TL;DR: If all you need is a fast cryptographic digest, SHA-2 is still the gold standard. If you care about length-extension attacks, SHA-3's construction prevents them. If you're hashing passwords, you should use a KDF instead.
Truncated SHA-2, eg SHA-512/256, has some resistance against length extension attacks[1] while non-truncated has none, so wouldn't that be the gold standard?
edit: Thinking a bit more, I guess there are a lot of interesting cases which are not prone to length extension attacks where the full SHA-512 would be better.
Looked at a 6 byte hash today. Modifying the hash or the data attached to it made the API respond with an error saying untrusted input. The data is an encrypted blob and the hash protects it from being tampered with.
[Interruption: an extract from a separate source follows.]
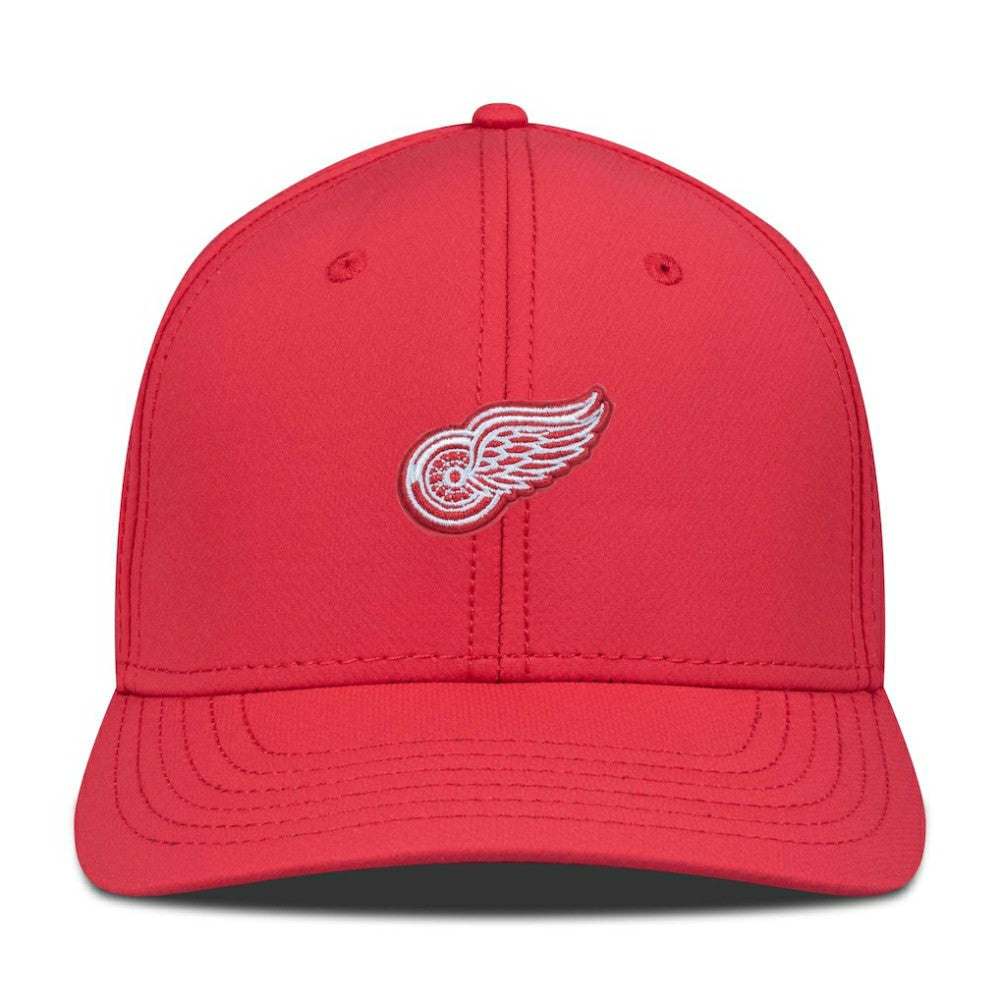 NHL Detroit Red Wings Levelwear Rise Flex Hat - Red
My guess is that it’s a truncated md5(secret + data) or hmac. Either way, with a sufficient long a secret, I won’t be able to guess it (offline), and because of the truncation, length extensions also out of the question.
With only 48 bits of entropy, I can’t shake the feeling that there are practical attacks I have not considered.
This was definitely January 2020 (January 7th, a Tuesday, per the Ars Technica article); I think the 2019 confusion is because that is when they disclosed the attacks to the related projects.
How are other algorithms fairing recently, anything else started tumbling over in the last few years?